Published in CSP Daily News By-Samantha Oller, Senior Editor/Special Projects Coordinator
KANSAS CITY, Kan. — As a Kansas federal judge prepares to evaluate proposed settlements from long-running litigation involving “hot fuel” this summer, many of the industry’s largest fuel retailers— QuikTrip, Circle K, Kum & Go, Sheetz, Wawa and 7-Eleven, among them—have filed an objection over the terms.
In a class-action lawsuit dating back seven years, plaintiffs had charged that more than two dozen fuel retailers were shortchanging customers who purchased “hot fuel”—referring to the fact that the volume of gasoline rises along with its temperature. Consumers were, in effect, paying a full gallon price for less than a gallon of fuel, plaintiffs alleged, because these retailers did not have automatic-temperature-compensation (ATC) devices installed at the pump that would adjust the price based on the fuel volume and did not alert consumers to the fuel’s temperature.
More than two dozen fuel retailers, ranging from major oils to retail chains such as Casey’s General Stores, Sam’s Club and Valero, had settled on the case, although they denied any wrong-doing. Three different settlement groups emerged. Six of the companies, including the major oil companies, agreed to settlements that would put $22.925 million into a fund to reimburse retailers for installing ATC equipment. Four of the defendants, including Casey’s and Valero, agreed to settlements to install ATC pumps at their branded sites over time. And the remaining 18 defendants—including CITGO and Thorntons—agreed to pay into a fund totaling $1.577 million that would help state weights and measures agencies ensure ATC upgrades were done lawfully.

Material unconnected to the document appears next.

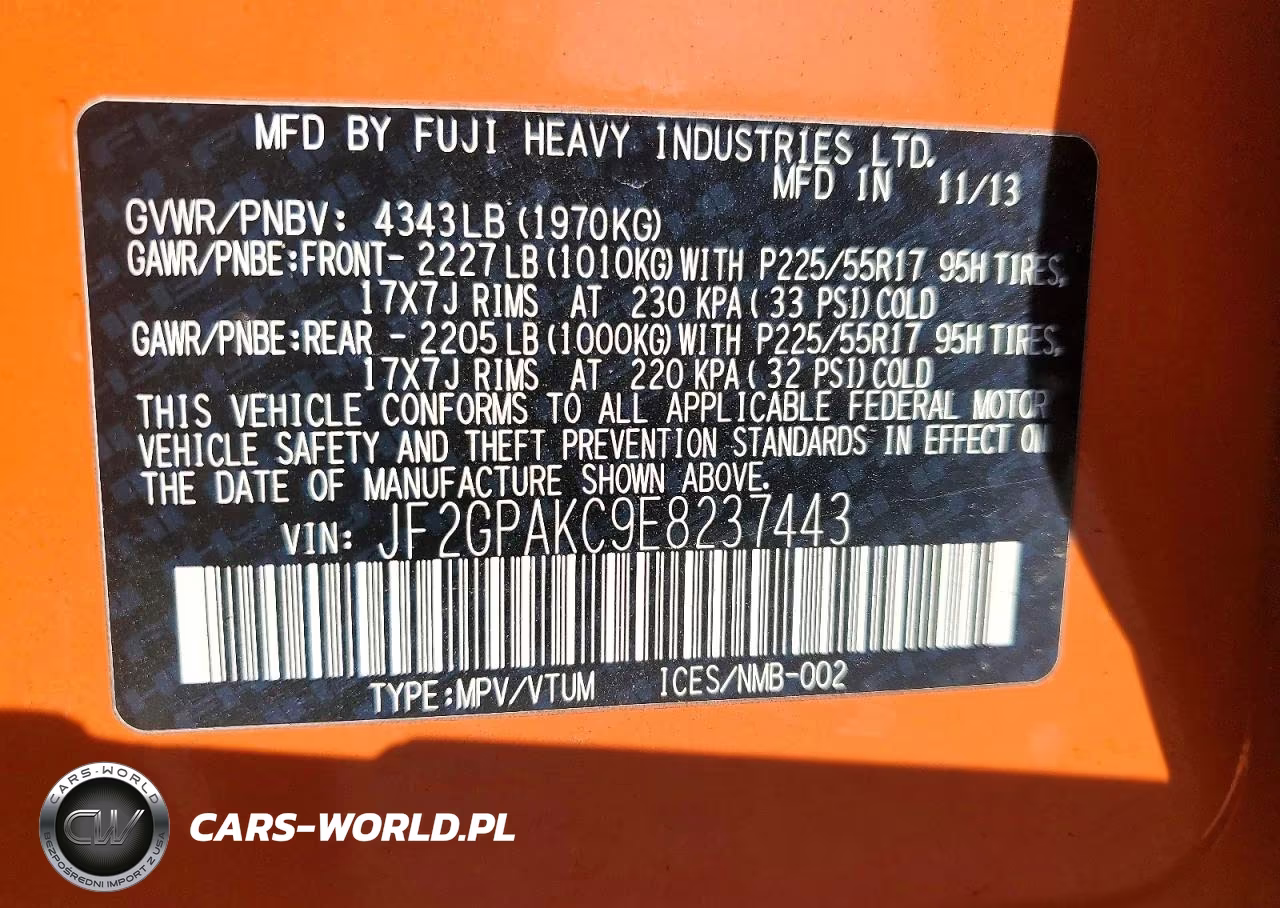 2014 Subaru Xv Crosstrek 2.0 Limited VIN:JF2GPAKC9E8237443 - 12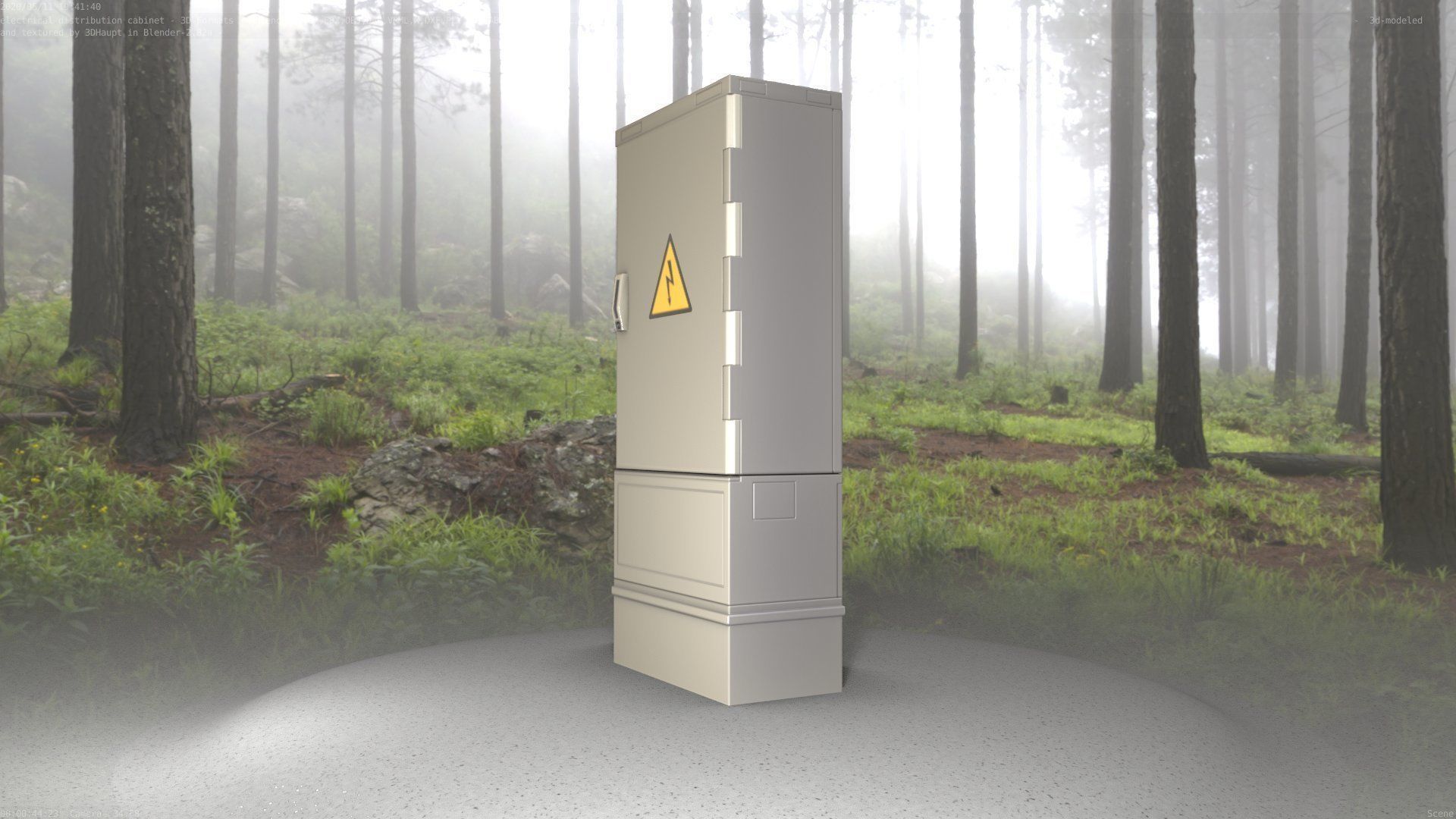 Electrical Distribution Cabinet 11 Low-poly 3D model_79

But as U.S. District Court Judge Kathryn H. Vratil prepares to review the proposed settlements this June, two objections were filed this week on the terms, according to court documents obtained by CSP Daily News. One of the objections comes from more than a dozen of the industry’s largest petroleum-retail chains; another is led by Theodore Frank, founder of the Center for Class Action Fairness, according to Law.com.
According to the objection filing by the retail chains, one big problem with the settlements is the fact that consumers would get none of the payments. Nearly two-thirds of the settlement money going to fuel wholesalers and retailers.
Both objections also cite the payments going into a fund for weights and measures agencies as especially problematic. Because no states yet approve of ATC for motor-fuel retail sales, the objectors argue that the fund would influence regulators who might be opposed to ATC to change their positions in favor of legislation approving its use to receive the money.
The retailers’ objection filing describes it as “a de factoslush fund that will make payments to state governments if and when states change their laws in accordance with the named plaintiffs’, and plaintiffs’ counsels’, wishes,” and raised constitutional red flags.
Convenience retailers named in the objection include QuikTrip, 7-Eleven (which fought the litigation and won), Circle K, Kum & Go, Murphy Oil, Pilot Travel Centers, Flying J, RaceTrac, Sheetz, Speedway, The Pantry and Wawa. Frank with the Center for Class Action Fairness, a law firm and nonprofit that represents consumers in class-action lawsuits, described the settlement as “uncomfortably close to political bribery.” “It’s a zero-dollar settlement,” Frank told Law.com. “The lawyers are the only people getting paid, and the relief is to require lobbying for a means of selling gasoline that would make consumers worse off.”
A hearing is scheduled for Tuesday, June 9, when Judge Vratil will determine whether to give final approval to the settlements.